By now, everyone having some sort of connection to the outer world must know about what happened in Berlin, this monday around 8pm.
For those who didn’t, just the bare facts. Someone hijacked a truck, and drove it through a crowd of people at one of the most popular Berlin Christmas markets. Twelve people died, many got injured. That’s all we know for certain. Everything else is not known. Though this might change in the time that I’m typing this.

Twelve people died just because they were at the wrong time at the wrong place, by the act of a criminal insane person. I call this person criminally insane. No matter your motives, be it personal, political or maybe for money, if you kidnap a truck driver, stab him quite a few times, drive his truck through a random crowd killing people, and shoot that driver, you’re insane, and you’re a criminal.

So yes. We’re shocked.
Even as Berliners, we’re shocked. But we leave fear and hate to others.


The most common, and very human, reaction is shock. Though we stay calm, we’re still shocked.

Now, violence, or people dying, is not uncommon on this planet. So why are we shocked if a relatively small amount of people die or get injured?
First of all, I think being shocked is still a good thing. It means what happened is still a rare thing. People die because of car accidents all the time. Or heart attacks. Or getting their purses stolen. We’re not even shocked anymore by rape (sadly enough). It is common. We’re all aware this can happen to us too. We’re weary when crossing a busy street. We try to sort of look after our health. We watch our bags when walking through a crowd. A woman walking alone in a dark street, tends to walk faster. But we’re not shocked when we read about an elderly lady being killed by a drunk driver. Unless we know her of course. We feel sorry for the person who just got her purse stolen, but well, shit happens.  And rape, well, unfortunately, most women are way too aware it can happen any time, any place, to be shocked to read about it in the newspapers.

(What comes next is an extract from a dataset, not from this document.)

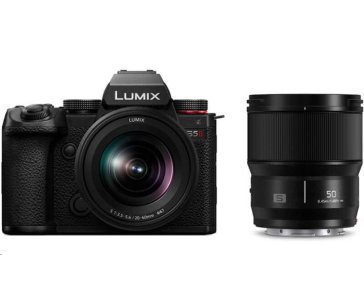 Panasonic Lumix S5 II LUMIX S 20-60 mm F/3,5-5,6 + Lumix S 50mm/F1,8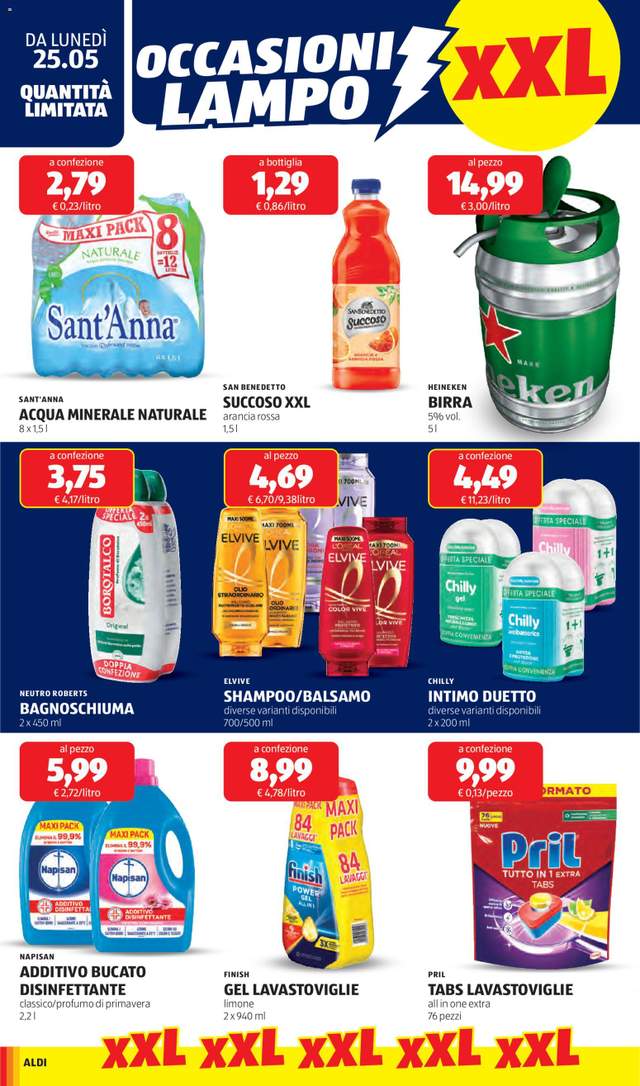 Nuovo volantino Aldi dal 25/05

Luckily we’re still shocked if someone randomly drives through a market and kills people.
Or, as another recent incident showed, shocked about the almost casual way some hooligans kicked a woman down the stairs at a metro station. What was most shocking about it, was the utter indifference of the kicker. Walking by, seeing the woman, kicking her hard in her back, grabbing his beer, and walking on, laughing with his friends. It had a very strong “Clockwork Orange” feeling for me. And I was shocked mostly about the complete ruthlessness and lack of conscience of the kicker.
Or shocked when a “confused person” pushes a complete stranger in front of a subway train, which happened in january this year here in Berlin.
Or another mentally not stable person flies a passenger plane into a mountain.
Thank goodness, these are still incidents. Not common…

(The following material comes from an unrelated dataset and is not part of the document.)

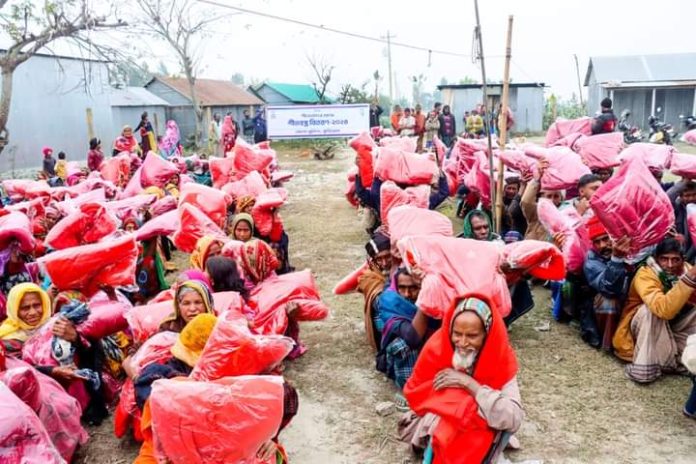 কুড়িগ্রামে কম্বল বিতরণ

Next, we’re shocked because we can identify with the victims or their family.
Though I’m personally not a big fan of christmas markets (I don’t like hot wine, I don’t get the fun of christmas-hats with glowlights, or over-expensive heartshaped sweets) and probably lack the cultural background to enjoy them, it could have happened to me. One of my colleagues or friends might have tried to convince me to at least try a christmas market and dragged me there. Or it might have been one of my friends or colleagues visiting that market.
In the case of the woman being kicked down the stairs, it could have been any of us. We could have been the one trying to catch a metro and suddenly finding ourselves down the stairs with a broken arm.
We could have been in that plane. Being pushed in front of the subway.
And just like these people, if we were in their situation, we wouldn’t be aware we were at risk, were a target, or maybe could have been prepared for it.

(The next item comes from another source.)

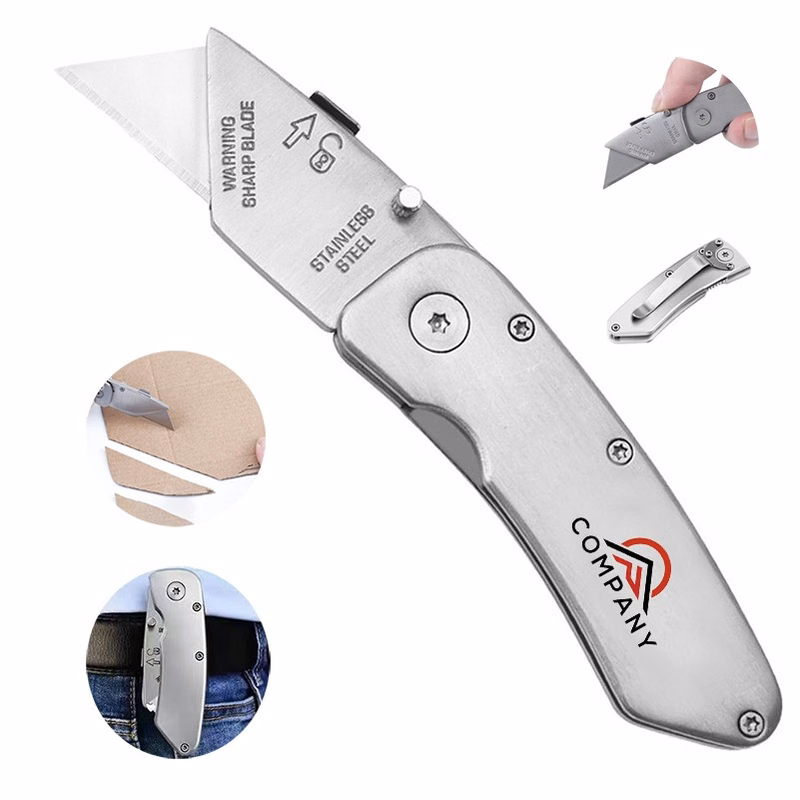 Box Cutter Stainless Steel Utility Knife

In the news we read a lot about death and violence. And the acts themselves are actually quite shocking. But we somehow manage to shrug them off. Because.. it won’t happen to us.

  • Doctors or nurses shot at an abortion clinic? We don’t work at an abortion clinic, and heck, that’s far away anyway.
  • A politician or ambassador being killed? We’re not politicians or ambassadors, and again, that’s some other country.
  • The death penalty for atheists? Luckily we don’t live in a country like that.
  • A banker’s son being kidnapped for ransom? We’re not rich.
  • People at a mosque being shot? We’re not muslims.
  • A homeless guy being set on fire? We’re not homeless.
  • A drug dealer being stabbed to death at the RAW Gelände? We’re not drug dealers. Though this might get close, we could get involved in something like that just by being around at that time.
  • A few gay people being beaten up at Alexanderplatz? We’re not… ho, wait-a-sec, we have a lot of gay friends or might not be completely straight ourselves. Now this IS getting close.
    Maybe next time, when I travel with them over Alexanderplatz, I have to warn them not to act too gay. I don’t want to get beaten up by association.

Ho. Wait-a-sec. Again.
Why would I warn my friends not to be too obviously gay?
Why would I become scared? And start acting upon it?
Isn’t that exactly what those homophobic people want??


No, we won't paint it black. Though it's tempting
No, we won’t paint it black. Though it’s tempting (pic from personal archive)

One of the things which very unpleasantly surprised me yesterday was how soon it was deemed an “attack”.
Though nobody knew what exactly happened, and most important, the motives of the truck-driver, it was an attack almost immediately after the news got out.
The first thing I noticed was how fast facebook-friends declared themselves safe during the “Attack on Berlin”. Facebook later renamed the safety check to “Violent Incident”, but the damage was done.
Though the german media, even the tabloids, adopted a far more “wait and see what actually happened” attitude, facebook immediately jumped to a conclusion. It was an ATTACK. And of course, all over the world, people jumped to conclusions. It was an attack, it was an act of TERRRRORRR. But please don’t panic. Right.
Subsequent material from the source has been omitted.